Below are entries; repeat exactly, and nothing else, the lines from the one holding "BNWT MADE in" through the one holding "Casa comercio dispondo", inclusive. Leave the pictures out.

■ Data records
_ _ _ _ _
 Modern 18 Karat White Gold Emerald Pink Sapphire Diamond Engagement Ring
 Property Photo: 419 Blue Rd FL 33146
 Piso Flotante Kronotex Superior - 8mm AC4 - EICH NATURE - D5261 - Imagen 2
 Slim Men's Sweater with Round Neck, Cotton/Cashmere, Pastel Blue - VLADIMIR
_ _ _ _ _
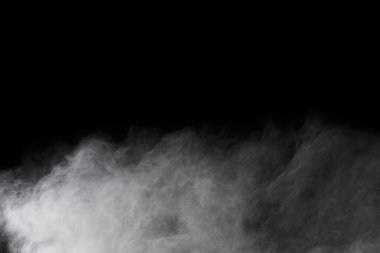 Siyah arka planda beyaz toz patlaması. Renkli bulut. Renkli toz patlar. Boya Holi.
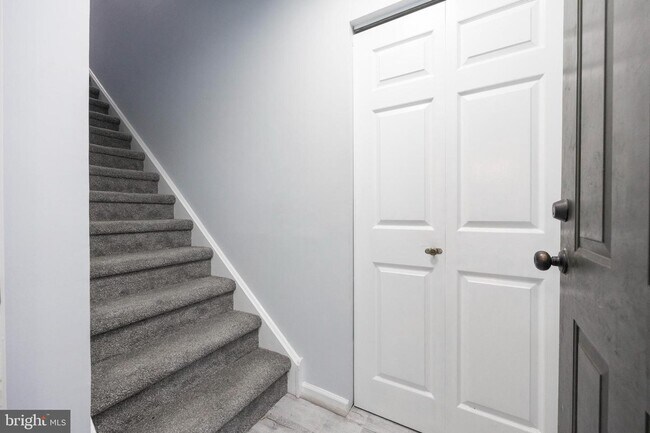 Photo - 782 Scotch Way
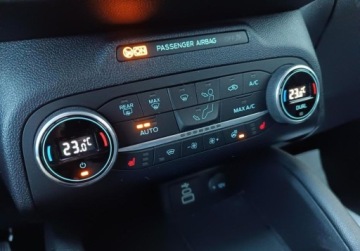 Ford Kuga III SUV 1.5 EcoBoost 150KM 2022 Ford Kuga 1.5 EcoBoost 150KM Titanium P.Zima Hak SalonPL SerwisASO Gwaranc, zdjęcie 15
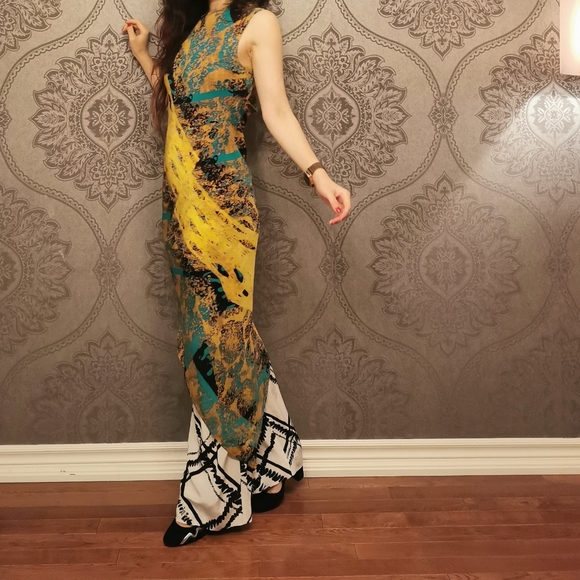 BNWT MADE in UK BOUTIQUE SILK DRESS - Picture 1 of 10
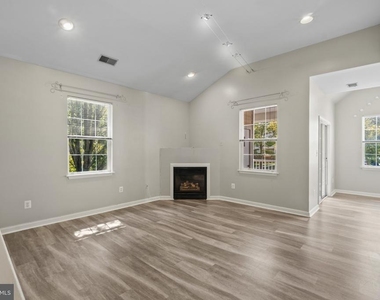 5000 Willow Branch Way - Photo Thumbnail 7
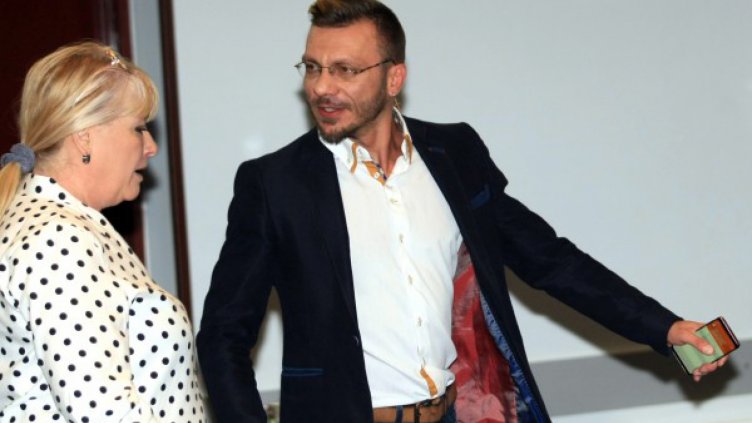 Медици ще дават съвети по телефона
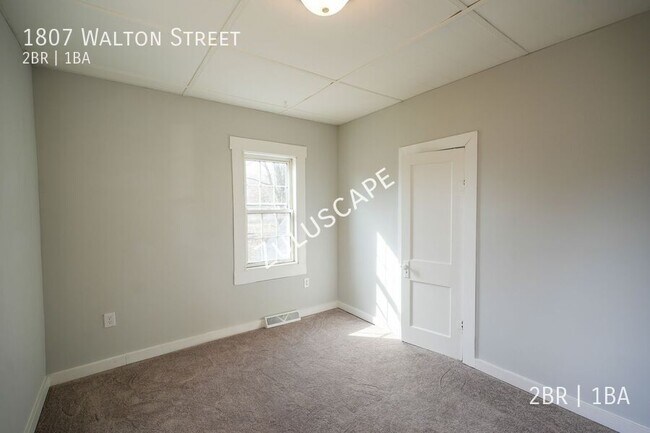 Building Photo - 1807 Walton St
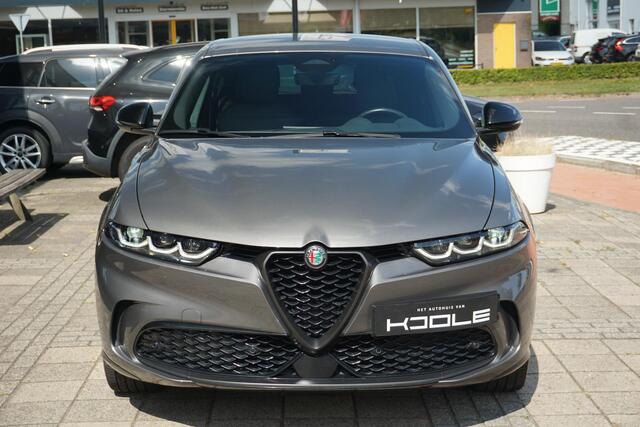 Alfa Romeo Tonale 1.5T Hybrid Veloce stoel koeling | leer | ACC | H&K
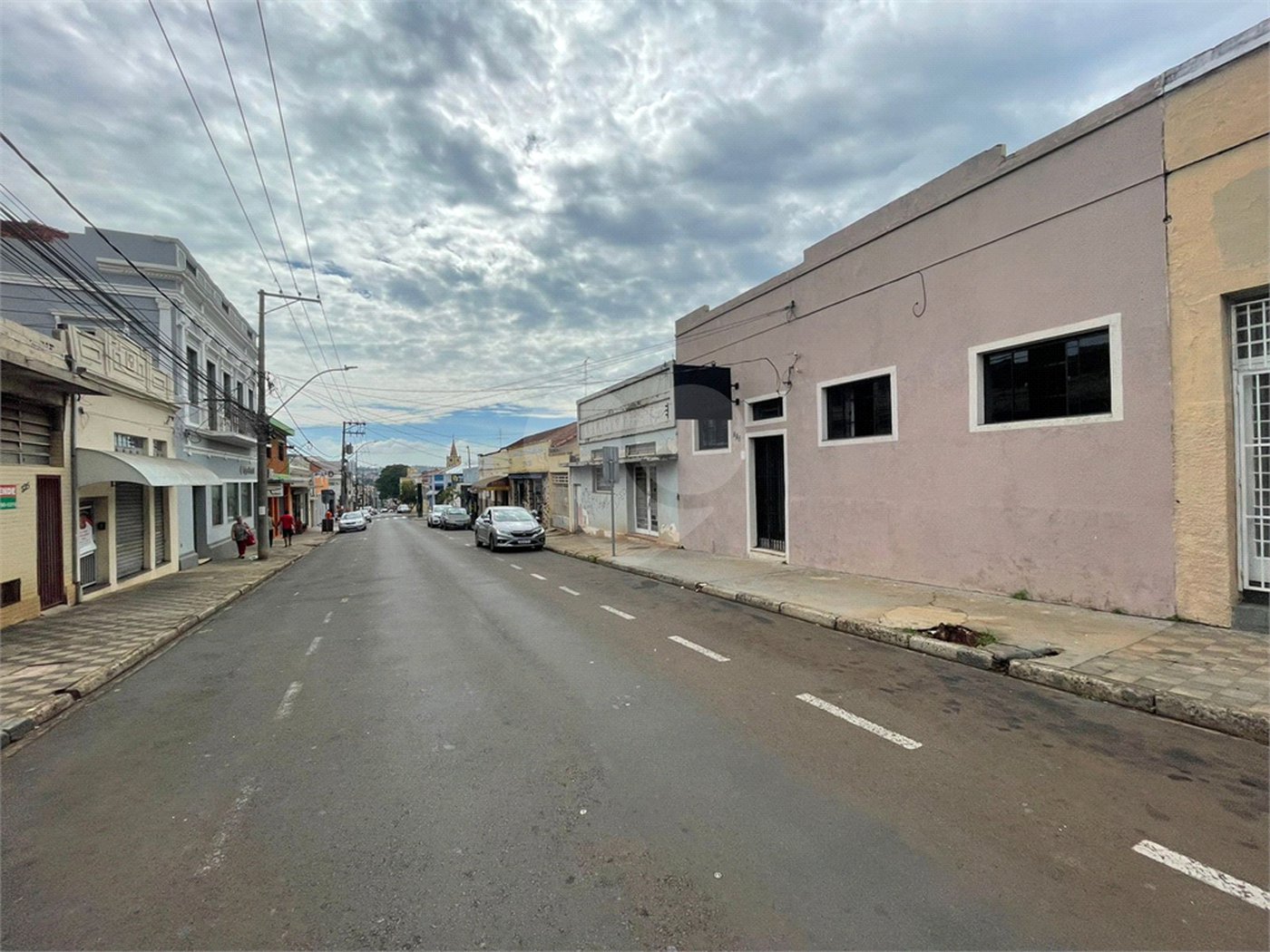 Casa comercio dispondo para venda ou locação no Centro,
_ _ _ _ _
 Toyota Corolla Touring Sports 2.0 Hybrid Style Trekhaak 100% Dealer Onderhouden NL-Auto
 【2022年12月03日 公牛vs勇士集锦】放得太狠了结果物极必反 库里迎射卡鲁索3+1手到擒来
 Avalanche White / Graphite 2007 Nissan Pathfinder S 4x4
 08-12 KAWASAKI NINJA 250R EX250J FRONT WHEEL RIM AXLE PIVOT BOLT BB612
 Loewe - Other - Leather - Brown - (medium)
_ _ _ _ _
■ Your solution
 BNWT MADE in UK BOUTIQUE SILK DRESS - Picture 1 of 10
 5000 Willow Branch Way - Photo Thumbnail 7
 Медици ще дават съвети по телефона
 Building Photo - 1807 Walton St
 Alfa Romeo Tonale 1.5T Hybrid Veloce stoel koeling | leer | ACC | H&K
 Casa comercio dispondo para venda ou locação no Centro,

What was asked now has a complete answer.